There was a joke about the
grammar and lexicon of this curious language that every student had
to learn: "You must know that in
Broken English is call Broken
English English."
Kac was better than that. He spoke his five or six languages
beautifully. He never lost his Polish
accent---he rolled his Rs
mercilessly---but more important, he never lost that brio, that
sparkling juxtaposition of surprising phrases and constructions
that made his speech such a delight to anyone with an ounce of
poetry in his soul. How much of this
was due to his Polish and how
much to his own curious outlook on the world one cannot say.
The mathematical view of the world
itself can generate this
love of paradox, as can be seen in the works of Lewis Carroll and
Augustus DeMorgan, two well-known mathematicians of the last
century. In some ways Mark Kac carried
on that tradition, although
generally within mathematics rather than in fantasies or
popularizations.
THE MATHEMATICAL work of Mark Kac is
of course indescribable
to the general public.
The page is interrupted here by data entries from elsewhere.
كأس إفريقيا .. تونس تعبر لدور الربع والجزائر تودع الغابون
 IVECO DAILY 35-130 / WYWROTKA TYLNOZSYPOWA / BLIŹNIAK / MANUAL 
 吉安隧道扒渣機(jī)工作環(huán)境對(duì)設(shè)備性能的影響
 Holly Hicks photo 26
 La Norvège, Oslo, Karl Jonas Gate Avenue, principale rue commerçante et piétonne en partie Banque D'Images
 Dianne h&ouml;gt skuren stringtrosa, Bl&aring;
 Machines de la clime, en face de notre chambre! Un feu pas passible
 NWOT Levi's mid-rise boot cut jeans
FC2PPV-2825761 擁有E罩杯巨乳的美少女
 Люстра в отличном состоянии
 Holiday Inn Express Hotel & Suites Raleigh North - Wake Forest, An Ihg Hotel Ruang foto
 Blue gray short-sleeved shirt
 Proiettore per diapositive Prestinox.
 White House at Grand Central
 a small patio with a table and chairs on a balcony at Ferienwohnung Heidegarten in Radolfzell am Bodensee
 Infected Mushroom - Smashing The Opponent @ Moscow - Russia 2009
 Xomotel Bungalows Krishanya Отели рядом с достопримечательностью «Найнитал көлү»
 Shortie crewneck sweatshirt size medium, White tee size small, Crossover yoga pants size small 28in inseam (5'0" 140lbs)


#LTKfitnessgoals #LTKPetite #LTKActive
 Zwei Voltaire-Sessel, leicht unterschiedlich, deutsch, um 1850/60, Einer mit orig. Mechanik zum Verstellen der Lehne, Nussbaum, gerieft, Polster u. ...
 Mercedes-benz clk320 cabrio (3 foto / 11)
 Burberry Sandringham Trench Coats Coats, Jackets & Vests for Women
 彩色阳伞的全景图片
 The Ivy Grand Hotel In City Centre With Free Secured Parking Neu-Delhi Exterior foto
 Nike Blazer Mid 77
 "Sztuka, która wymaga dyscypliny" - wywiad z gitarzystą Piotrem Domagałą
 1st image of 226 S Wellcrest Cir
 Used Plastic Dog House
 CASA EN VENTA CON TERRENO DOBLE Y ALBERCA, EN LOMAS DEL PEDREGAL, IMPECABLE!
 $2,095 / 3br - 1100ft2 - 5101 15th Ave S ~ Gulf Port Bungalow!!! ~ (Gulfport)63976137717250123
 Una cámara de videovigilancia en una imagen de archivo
Much of it had
to do with the theory of
probability, one of the most important (and most practical,
scientifically) of the 20th century developments in mathematics.
His personality showed itself in the often surprising, unexpected
connections he found between statements concerning probability and
statements that had at first sight no connection with probability.
His work was not only profound and elegant (words mathematicians
like to use in praise), but it was brilliant---just a bit shocking-
--like the rest of his speech and attitude.
The last time he visited Rochester
for a Colloquium talk was
more than five years ago. From that
occasion I can remember one
thing he said that illustrates his character, his wit, the health
and high spirit he always showed, and sometimes loaned, as it were,
to the rest of us.
It happened that a couple of weeks
earlier we had been visited
for a Colloquium talk by another mathematician (also a bit of a
wag), and I had been riding the elevator in the Ray Hylan building
of the U of R with that man. We were
going to the 11th floor and
by inattention I pushed the button for the 10th floor (where my
office is). Of course I pushed #11 too,
but I had to apologize to
my guest, saying that the elevator would now stop at the tenth
floor first, unnecessarily, now that I had pushed that button,
since on this particular elevator there was no way to reverse the
instruction.
The man said to me: "I see. This elevator has a good memory,
but no judgment."
I thought this was pretty funny, a
typical mathematician's
remark, and so, three weeks later, as I rode up the same elevator
with Mark Kac, I told him this story.
Kac smiled, thought a
moment, then said "Actually, you know, I'm not sure I would want to
ride in an elevator with judgment."
SUCH A REMARK does not resemble the
common picture of the
soulless scientist, the Dr. Strangelove willing to blow up the
world in pursuit of technological excellence.
Nor does it resemble
the image of the solemn expert testifying before a Congressional
committee, delivering crisp statements, safe, carefully hedged,
and drained of philosophy.
I wish there were a way to offer
the general public a better
picture of the real life of science. If
only the world at large
could have known Mark Kac as well as it knew (say) Clark Gable or
J. Edgar Hoover, this would have been a better place to live.
Ralph A. Raimi is professor of
mathematics and chairman of the
Department of Sociology at the University of Rochester.